ED14A-07
Telepresence teacher professional development for physics and math constructs focused on US and Thai classrooms' TC-1 slinky seismometer networks

Monday, 14 December 2015: 17:30
310 (Moscone South)
Dean Livelybrooks1, Blake Anthony Parris1, Alex Cook1, Max Kant1, Nick Wogan1, Alexa Zeryck1, Dhiti Tulyatid2 and Douglas R Toomey1, (1)University of Oregon, Eugene, OR, United States, (2)Department of Mineral Resources, Bangkok, Thailand
Abstract:
As part of the Broader Impacts of the Cascadia Initiative, a seismic study of the Cascadia margin, and the Magnetotelluric Observations of Cascadia using a Huge Array (MOCHA) collaboration we have developed school- and museum/library-based networks of TC-1 educational seismometers. The TC-1 is constructed such that its ‘guts’ are visible through an transparent acrylic outer cylinder, thus it is an excellent demonstration of how fundamental physics constructs can be leveraged to design and operate a vertical-channel seismometer capable of recording signals from large earthquakes world-wide. TC-1 (aka ‘slinky seismometer’) networks therefore serve as the application for projects-based learning (PBL) physics and data science instruction in Oregon and Thai classrooms.

The TC-1 acts as a simple harmonic oscillator, employing electromagnetic induction of a moving magnet within a wire coil. Movement of the lower magnet within an electrically conductive pipe dampens motion such that P-, S- and Surface wave phases can be identified. Further, jAmaSeis software can be configured to simultaneously show live signals from three TC-1s and has tools necessary to pick phases for earthquake signals and, thus, locate earthquake epicenters.

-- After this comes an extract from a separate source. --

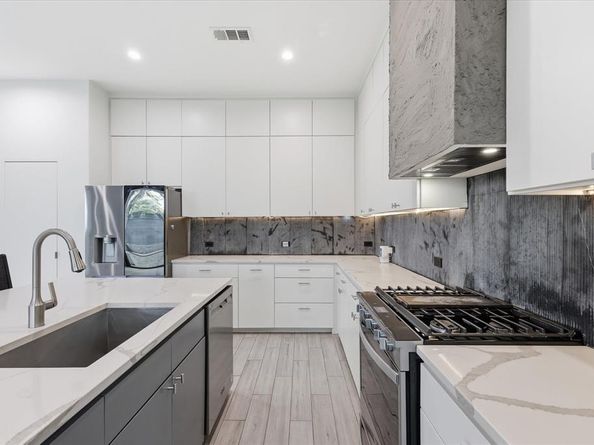2021  Dennison Street , Dallas Texas 75212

Leveraging a long-standing collaboration between the Royal Thai Distance Learning Foundation and the University of Oregon, we developed five, 2-hour, two-way teacher professional development sessions that were transmitted live to Thai K-12 teachers and others starting mid-August, 2015. As an example, one session emphasized hands-on activities to analyze the effect of spring stiffness, inertial mass and initial displacement on the resonance frequency of a simple oscillator. Another pedagogical goal was to elucidate how math is important to understanding the analysis of seismic data, for example, how cross-correlation is useful for distinguishing between genuine earthquake signals and, say, a truck rolling by a TC-1 station. UO graduate and undergraduate physics majors played critical roles in this outreach effort. We will report on: lessons learned around developing and staging international outreach sessions; how outreach development impacted UO students; and how this teacher professional development was received by our Thai colleagues.